## Record set

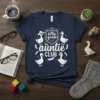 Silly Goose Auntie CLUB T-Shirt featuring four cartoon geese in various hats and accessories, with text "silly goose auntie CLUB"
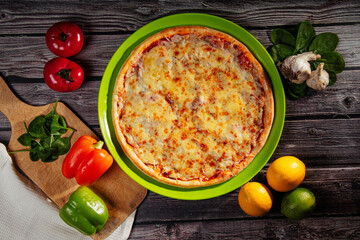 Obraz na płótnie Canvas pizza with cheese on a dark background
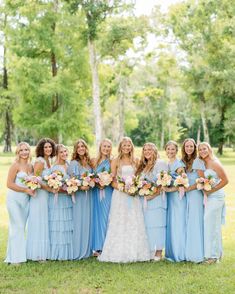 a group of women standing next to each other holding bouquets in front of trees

---

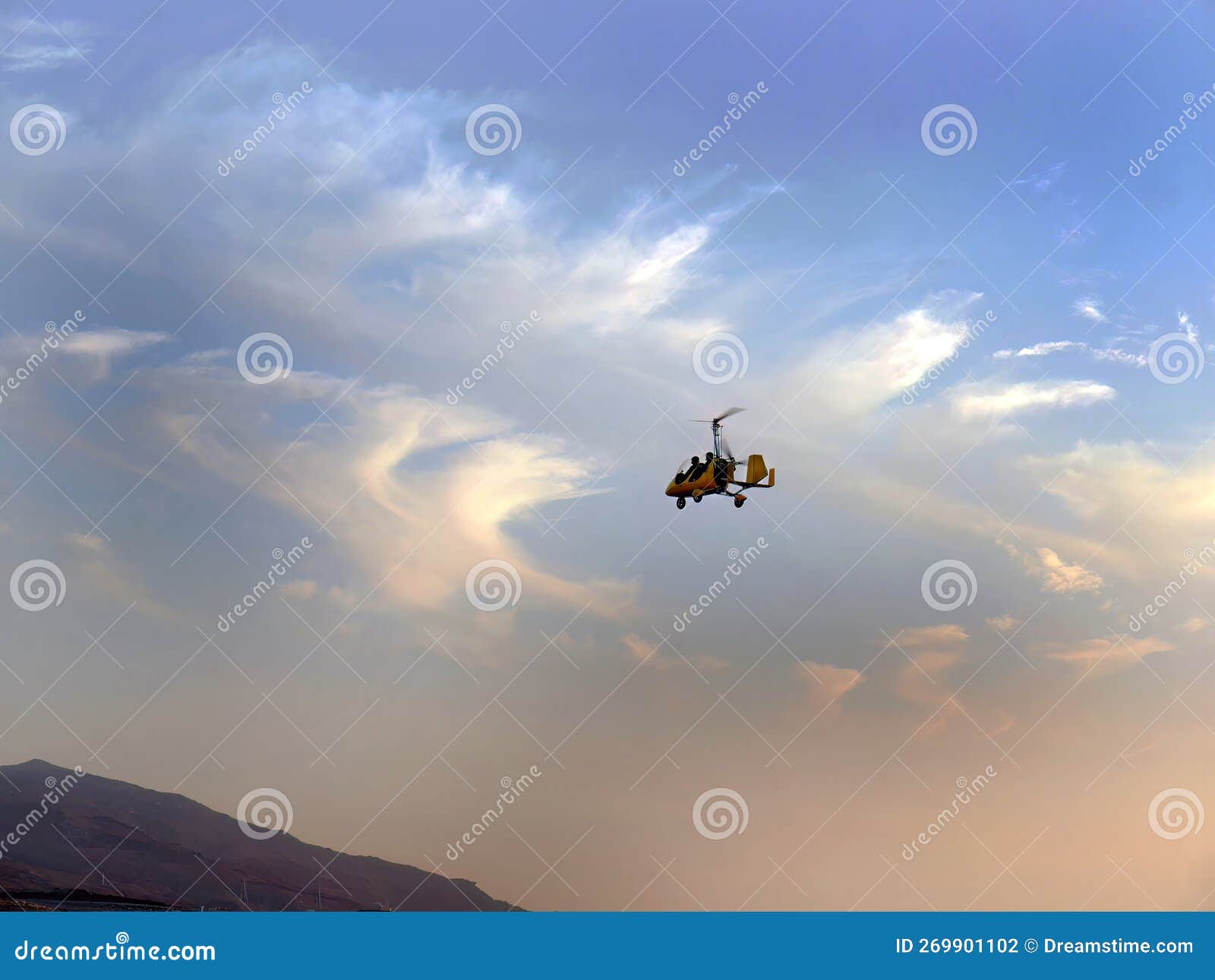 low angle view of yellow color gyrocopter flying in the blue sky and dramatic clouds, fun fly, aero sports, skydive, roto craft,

## Exercise objective
Find the line with "Silly Goose Auntie CLUB T-Shirt" in the data above, and from there retype each line exactly through the line with "a group of women", skipping the pictures along the way.

## Your solution
 Silly Goose Auntie CLUB T-Shirt featuring four cartoon geese in various hats and accessories, with text "silly goose auntie CLUB"
 Obraz na płótnie Canvas pizza with cheese on a dark background
 a group of women standing next to each other holding bouquets in front of trees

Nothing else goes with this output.